Note that the `forward` method of the GRU module in principle expects that we provide an initial hidden state in order to perform the encoding.  [But the PyTorch API provides a default value of a vector of zeros](https://pytorch.org/docs/stable/generated/torch.nn.GRU.html) for this hidden state, which is perfectly fine, so we don't specify it here.  

**Decoder:**

Next we need a Decoder module, which is responsible for generating the target sequence (correct word) one character at a time, conditioned on the initial hidden state from the Encoder and the previously predicted characters. 

In [15]:
class Decoder(nn.Module):
    def __init__(self, num_chars, hidden_size, num_layers=1):
        super(Decoder, self).__init__()
        self.num_chars = num_chars
        self.hidden_size = hidden_size
        self.num_layers = num_layers

        self.gru = nn.GRU(num_chars, hidden_size, num_layers, batch_first=True)
        self.fc = nn.Linear(hidden_size, num_chars)

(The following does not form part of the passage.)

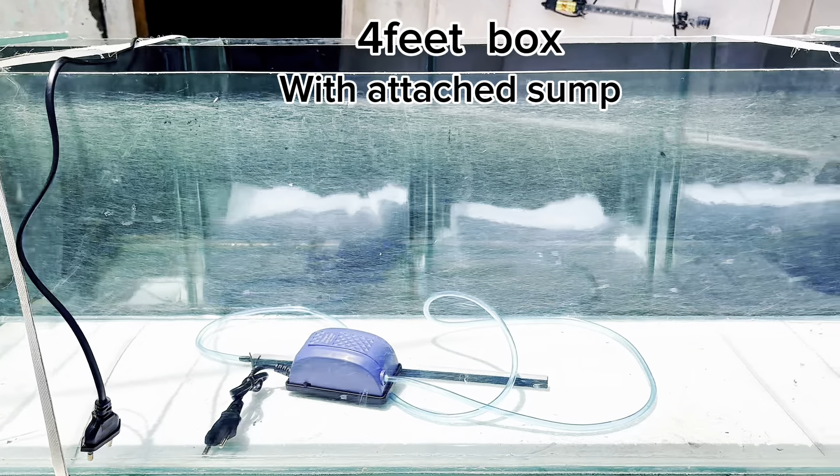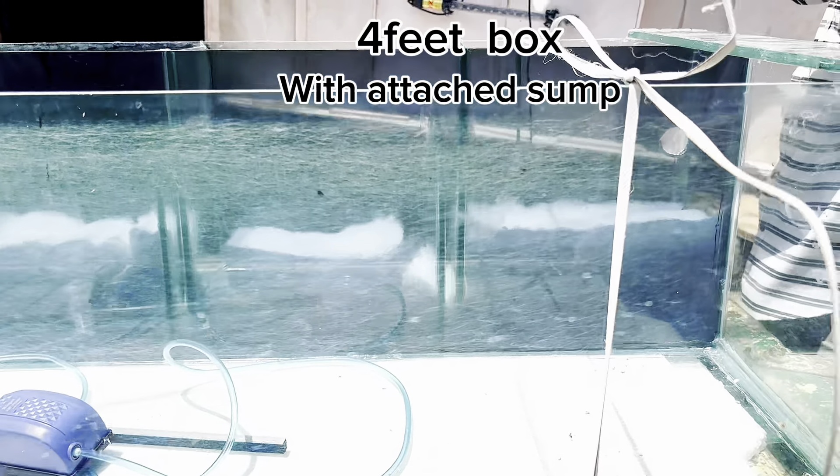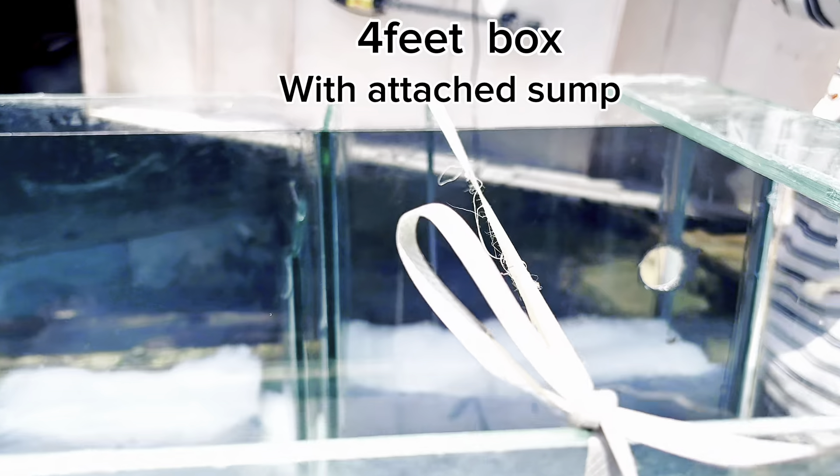Hello, this is Eden Aquariums and Pets. Today, a 4-foot box is made for a 4-foot tank.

    def forward(self, input_step, hidden):
        # One-hot encode the input step
        one_hot = torch.zeros(input_step.size(0), input_step.size(1), self.num_chars).to(input_step.device)
        one_hot.scatter_(2, input_step.unsqueeze(2), 1)

        # Decode the one-hot encoded input step using a GRU
        # we must pass a hidden state as well, which we expect to be the 
        # final hidden state from an encoding of the input sequence
        output, hidden = self.gru(one_hot, hidden)

        # Output the logits for each character class (0-28)
        logits = self.fc(output)

        return logits, hidden


The Decoder consists of two components:

1. Gated Recurrent Unit (GRU) layer (`self.gru`): The Decoder processes the input step (one-hot encoded character) and the current hidden state using a GRU layer. The input step is of shape `[batch_size, 1, num_chars]`, and the hidden state is of shape `[1, batch_size, hidden_size]`. (As with the encoder, the `1` as the size of the first dimension corresponds to a single time step.)  The GRU layer updates the hidden state and outputs a new hidden state of the same shape (`[1, batch_size, hidden_size]`).

2. Linear layer (`self.fc`): The Decoder applies a linear layer to the output of the GRU to generate logits for each character class (0-28). The linear layer takes the hidden state of shape `[1, batch_size, hidden_size]` and outputs logits of shape `[1, batch_size, num_chars]`.  These logits represent the probabilities of each character being the next character in the target sequence.

**Seq2Seq:**

The `Seq2Seq` module is a higher-level wrapper that combines the Encoder and Decoder modules to perform sequence-to-sequence learning. The main goal of the Seq2Seq model is to learn the mapping between the input sequence (reversed word) and the target sequence (correct word). The Seq2Seq module consists of an Encoder and a Decoder, which we pass in at initialization.

Let's see the code:  

In [16]:
class Seq2Seq(nn.Module):
    def __init__(self, encoder, decoder):
        super(Seq2Seq, self).__init__()
        self.encoder = encoder
        self.decoder = decoder

    def forward(self, input_batch, target_batch):
        # Encode the input batch
        hidden = self.encoder(input_batch)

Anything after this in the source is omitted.